Après l'échec en finale de la CAN 2025, Walid Regragui partira ou partira pas ?
Le joueur ivoirien Kanga Akalé (à gauche) dépasse le Marocain Walid Regragui lors du match de la Coupe d'Afrique des Nations entre le Maroc et la Côte d'Ivoire au Caire, en Égypte, le 21 janvier 2006. Nasser Nasser, AP

Walid Regragui met un terme à sa carrière de joueur en 2011. L'année suivante, il rejoint le banc de la sélection marocaine avec un poste d'adjoint (2012-2013). Il remporte ensuite des trophées dans chacun des clubs où il passe : une Coupe du Trône (2015), un championnat marocain (2016) avec le FUS Rabat, un championnat du Qatar avec Al-Duhail (2020). En 2022, il signe un brillant doublé avec le Wydad Casablanca : Ligue des champions africaine et championnat du Maroc. Au mois d'août de la même année, il devient le sélectionneur du Maroc et dirige l'équipe lors du Mondial organisé au Qatar. À la surprise générale, il parvient à mener les Lions de l'Atlas jusqu'en demi-finale de la compétition.
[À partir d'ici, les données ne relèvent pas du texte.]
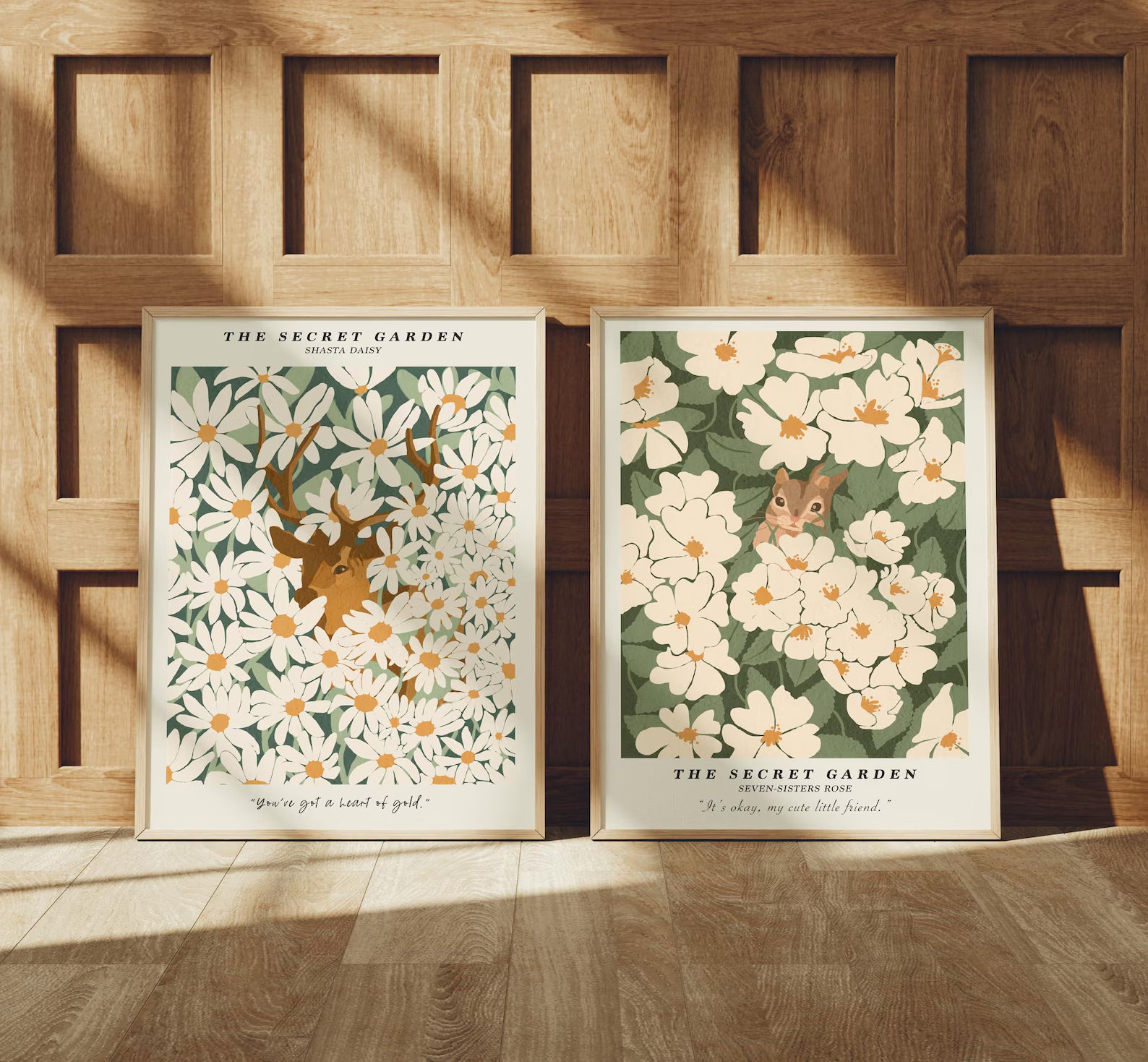 2 Vertical 3x4 Frames Mockup With Sunlight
Après l'échec en finale de la CAN 2025, Walid Regragui partira ou partira pas ?
Les joueurs marocains portent leur sélectionneur Walid Regragui en triomphe à la fin du match du groupe F de la Coupe du monde de football qui les opposait au Canada au stade Al Thumama de Doha, au Qatar, le 1er décembre 2022. Manu Fernandez, AP

Dès lors, les espoirs placés en lui sont immenses. Mais lors de la CAN 2024, les Marocains sont éliminés en huitièmes de finale par l'Afrique du Sud. À l'époque, sa démission est déjà évoquée. Malgré ces hauts et ces bas, le Maroc peut aujourd'hui se vanter d'être au huitième rang au classement Fifa, ce qui confirme sa progression. Le sélectionneur peut aussi s'enorgueillir d'un bilan de 35 victoires, neuf nuls et cinq défaites.

Comme le souligne Industries.ma, "à six mois seulement de la Coupe du monde 2026, un changement de sélectionneur apparaîtrait comme un pari risqué, potentiellement déstabilisateur pour un groupe qui a construit ses automatismes, son identité et sa confiance autour de Regragui".

"Pour Walid Regragui comme pour tout le football marocain, cette finale doit être une leçon, non un point de rupture. Le potentiel est là, les infrastructures aussi, la ferveur populaire est intacte", poursuit ce site marocain, avant de conclure : "Il reste à franchir un dernier palier : celui de la lucidité absolue dans les moments décisifs."